In the third in a series of six major policy speeches, ACT Party Leader Don Brash will tomorrow announce the cornerstone economic policies the party plans to campaign on and fight hard for in the next government.
The speech, delivered to the Workplace Savings Industry Conference in Auckland, sets out an economic package to boost productivity and address the deep structural imbalances in the economy, and would represent a radical step-change from the policies that have brought New Zealand to the brink of economic crisis.
"Our net debt to foreign creditors is around 90 percent of GDP, right up there with Greece, and Australian incomes are on average still 38 percent higher than ours.
"Our productivity growth is among the slowest in the developed world and pathetic compared with the rapid growth of countries in Eastern Europe and Asia.
"Meanwhile 65,000 people between 15 and 24 years of age are unemployed, 38% of young Maori between the age of 15 and 19 are unemployed, and at least 220,000 children are growing up in benefit-dependent households."
Dr Brash said that while the economic package he would announce tomorrow contained sound mainstream policies that economists widely concurred with, of necessity it needed to be bold.
"Expect to hear courageous positions on the hard issues, including the scandalous electoral bribes introduced by the Clark/Cullen government such as interest-free student loans - which Bill English described as 'an election year bribe on an unprecedented scale', but which has been left unchanged.
"You can also expect strong advocacy for radical reform of the RMA and privatisation, and realism about the age of eligibility for New Zealand Superannuation.
"The National Government didn't create the current mess; for the most part it was created by the Clark-Cullen Government.
"Over the past three years, especially with ACT's contribution on such matters as the 90 day probation period and the establishment of the Productivity Commission, National has made a few steps forward.
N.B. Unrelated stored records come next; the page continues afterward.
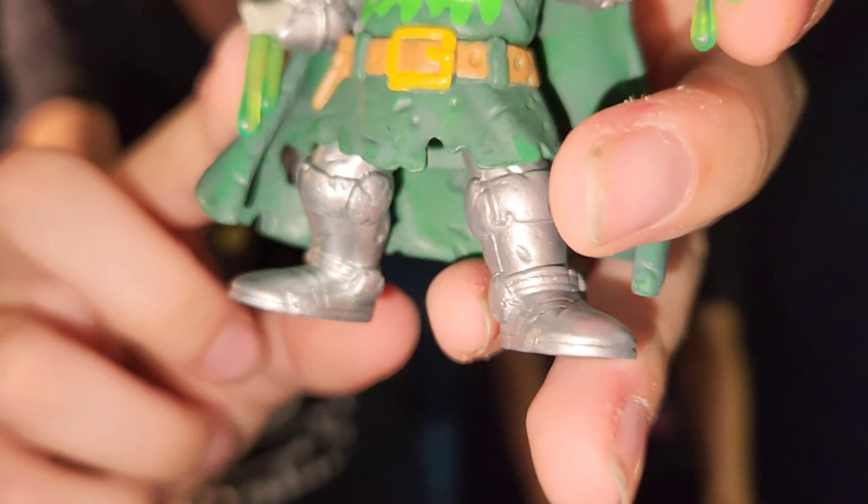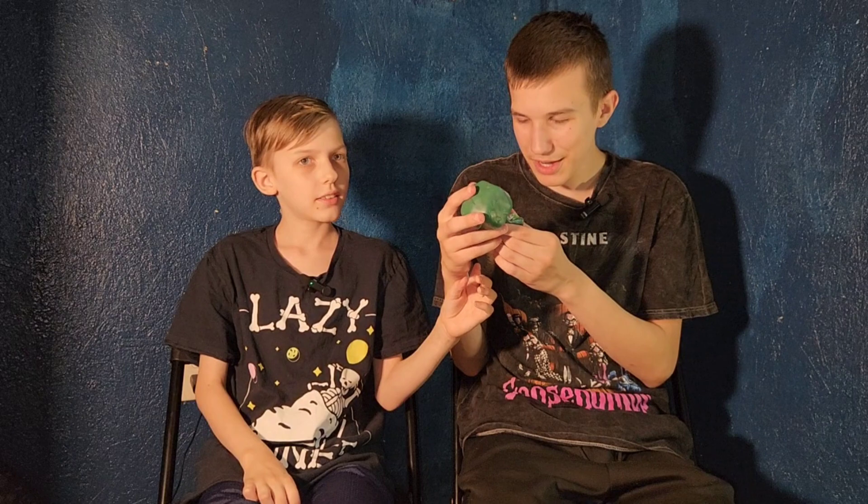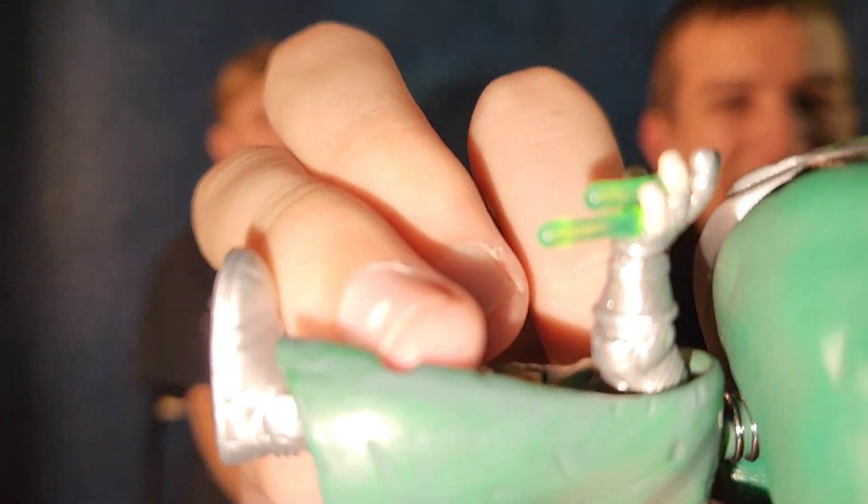Wait — unless Marvel Legends or Diamond Select makes a Zombie Dr. Doom figure. He's missing his hand — it's a bone, half a bone, not even a full bone like Wolverine's claw bone. And then he has green slime dripping down from both of his hands and his arm. And then his skeleton glove — his glove is missing two of the finger gloves, so it's just a skeleton hand. Those are both really cool details.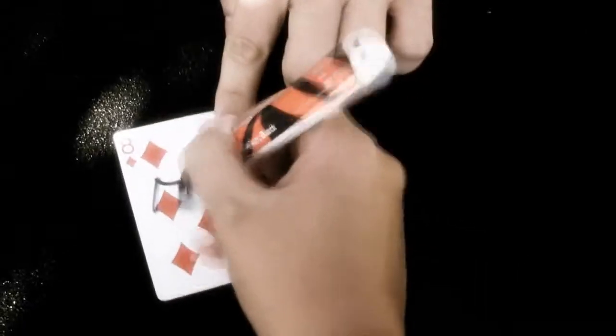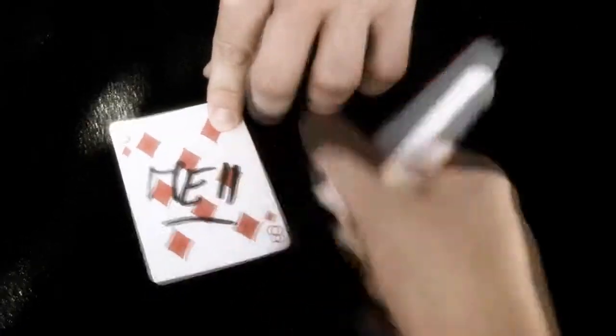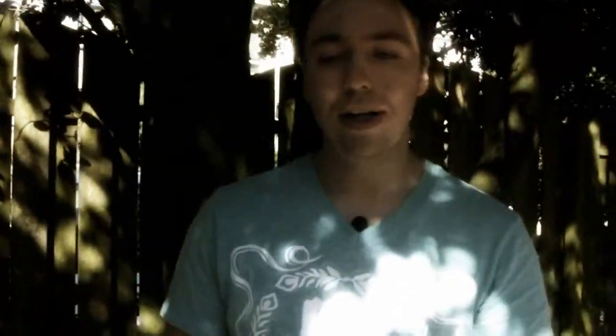I want you to put your name or initials on the card. Okay, we have Mel. Are you left-handed or right-handed? Left. Okay, hold up your left hand like this. Perfectly. And hold on to your card.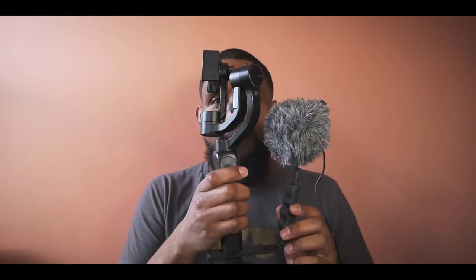For under $200, I can show you how you can set up a vlogging rig using your cell phone. Let me show you what I have here. This is my cell phone vlogging rig. This is it.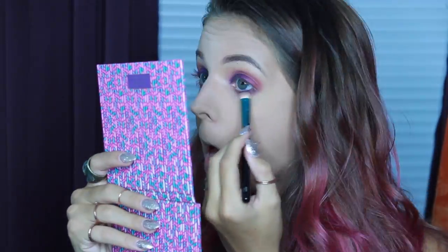Next I'm taking my MAC Mineralize Skin Finish to brush off that bake. And I'm using the Summer Yelm and the purple color underneath my eye to smoke it out. Then I'm taking my Tarte Soak Liner in navy and lining my waterline, and using my Too Faced Bronzer in the medium deep color to warm up my face.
"But it needs to move further and faster. I can't sit by and watch the country sliding downhill while our bright young people continue to leave in droves."
Dr Brash said his motivation for returning to Parliament was to help create a better New Zealand for his children and grandchildren.
"This is, perhaps, a rather extreme example of special interest politics, but I make no apology because what's good for my children and grand-children is good for your children and grand-children also.
"I see no reason why New Zealand can't again lead the world in living standards, with good jobs paying good wages for all New Zealanders. We can eliminate poverty and give our children and grandchildren the option of having a good life here or a good life abroad. It's just going to take some vision and courage, and ACT has plenty of that to offer," Dr Brash concluded.